The sky is seemingly the limit for Oceans 97, as Green is in the midst of a launch that will see his products, including four sauces he created, sold in upward of 700 Stop & Shop supermarkets along the East Coast beginning in mid-January.

A deal with Walmart will lead to Oceans 97 being available at hundreds of the retail giant’s stores in as many as 10 states starting in early May.

“That’s going to be a big thing for Oceans 97,” Green said.

Green initially got involved in the shrimp business about six years ago, when a friend in Louisiana asked him if he’d be interested in taking advantage of his contacts from football to start selling shrimp in New England.

The idea intrigued Green. Problem was, he didn’t know anything about the shrimp business.

That issue was solved during a quasi-internship in which Green learned how to de-head and peel shrimp. He worked in an icehouse, delivered shrimp and, finally, sold shrimp.

“I learned how to walk and talk like a shrimp,” said Green, who only failed to pass one part of the crash course, that being to learn to speak Vietnamese so he could personally communicate with so many of those in the shrimping business.

“It was impossible,” he said with a deep laugh.

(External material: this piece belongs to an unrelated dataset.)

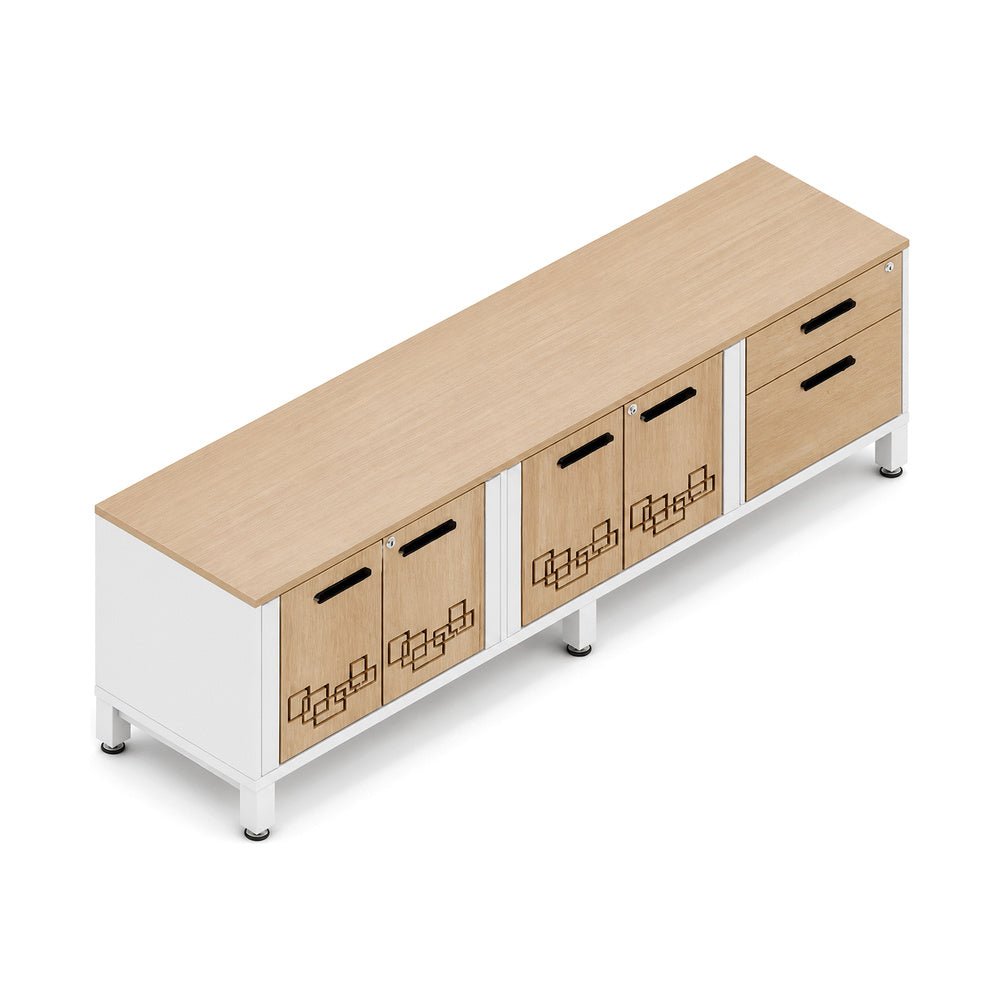 Credenza para Oficina Baja Derecha - VERSA VENTO PLUS - Varios Colores - Altura 52 cm - 4 Puertas Metálicas Troquelado Link con Cerradura (2) - VP-824DM VENTO PLUS - VERSA - NOGAL BEAT - Credenza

About three years later, Green began investigating the idea of starting his own company because so many of the people he encountered as a salesman thought he owned the business he was representing. And, with that, Oceans 97 was born.

That’s not all keeping Green busy these days.

He also the Jarvis Green Foundation, whose missions are to teach children how to live an overall healthy life and provide resources to single mothers who have been impacted by natural disasters, and is involved with the Patriots Alumni Club, doing meet-and-greets and such at a handful of games a season.

“So there are a lot of things going on,” Green said. “I just have to take them one day at a time.”

And, while this two-time Super Bowl champion doesn’t miss waking up sore the day after a game, he does fondly recall the time he spent with his teammates preparing to play.

“The thing I miss most about football is the camaraderie,” Green said. “Being in the locker room — to be honest, you’re with your teammates more than you’re at home if you’re playing professional football. And just traveling, hanging out, having a good time, studying, being on the field, communication before during and after. That’s what I miss most.”